[<prev] [next>] [<thread-prev] [thread-next>] [day] [month] [year] [list]
Message-Id: <20250718002150.2724409-5-joshua.a.hay@intel.com>
Date: Thu, 17 Jul 2025 17:21:48 -0700
From: Joshua Hay <joshua.a.hay@...el.com>
To: intel-wired-lan@...ts.osuosl.org
Cc: netdev@...r.kernel.org,
Joshua Hay <joshua.a.hay@...el.com>,
Luigi Rizzo <lrizzo@...gle.com>,
Brian Vazquez <brianvv@...gle.com>,
Madhu Chittim <madhu.chittim@...el.com>,
Aleksandr Loktionov <aleksandr.loktionov@...el.com>
Subject: [Intel-wired-lan] [PATCH net v2 4/6] idpf: replace flow scheduling buffer ring with buffer pool
Replace the TxQ buffer ring with one large pool/array of buffers (only
for flow scheduling). This eliminates the tag generation and makes it
impossible for a tag to be associated with more than one packet.

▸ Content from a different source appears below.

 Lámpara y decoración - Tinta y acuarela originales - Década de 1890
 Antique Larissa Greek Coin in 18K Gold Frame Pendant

The completion tag passed to HW through the descriptor is the index into
the array. That same completion tag is posted back to the driver in the
completion descriptor, and used to index into the array to quickly
retrieve the buffer during cleaning. In this way, the tags are treated
as a fix sized resource. If all tags are in use, no more packets can be
sent on that particular queue (until some are freed up). The tag pool
size is 64K since the completion tag width is 16 bits.
For each packet, the driver pulls a free tag from the refillq to get the
next free buffer index. When cleaning is complete, the tag is posted
back to the refillq. A multi-frag packet spans multiple buffers in the
driver, therefore it uses multiple buffer indexes/tags from the pool.

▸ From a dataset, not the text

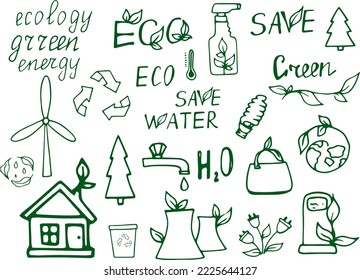 Iconos ecológicos establecidos. Energía verde. Salvemos el planeta. Molino de viento. Ecología. Cuestiones ambientales. Consumo razonable. Naturaleza. Eco. Bio. recursos alternativos.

Each frag pulls from the refillq to get the next free buffer index.
These are tracked in a next_buf field that replaces the completion tag
field in the buffer struct. This chains the buffers together so that the
packet can be cleaned from the starting completion tag taken from the
completion descriptor, then from the next_buf field for each subsequent
buffer.
In case of a dma_mapping_error occurs or the refillq runs out of free
buf_ids, the packet will execute the rollback error path. This unmaps
any buffers previously mapped for the packet. Since several free
buf_ids could have already been pulled from the refillq, we need to
restore its original state as well. Otherwise, the buf_ids/tags
will be leaked and not used again until the queue is reallocated.
Descriptor completions only advance the descriptor ring index to "clean"

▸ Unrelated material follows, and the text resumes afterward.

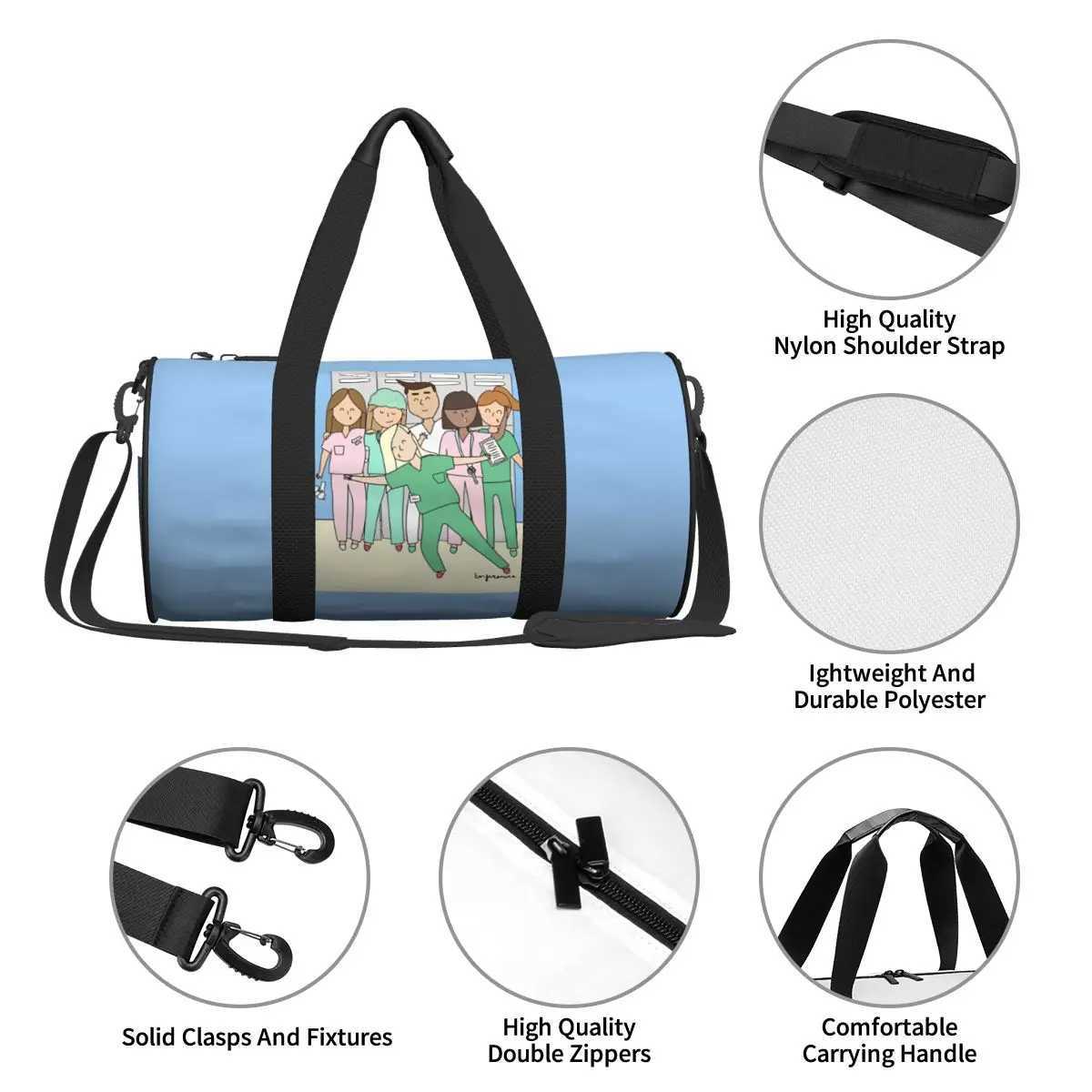 Couple Travel Bag Emergency Nurse Doctor Gym Bag Large Oxford Custom Handbag Colorful Casual Sports Bag W250618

the descriptors. The packet completions only clean the buffers
associated with the given packet completion tag and do not update the
descriptor ring index.
When operating in queue based scheduling mode, the array still acts as a
ring and will only have TxQ descriptor count entries. The tx_bufs are
still associated 1:1 with the descriptor ring entries and we can use the
conventional indexing mechanisms.
Fixes: c2d548cad150 ("idpf: add TX splitq napi poll support")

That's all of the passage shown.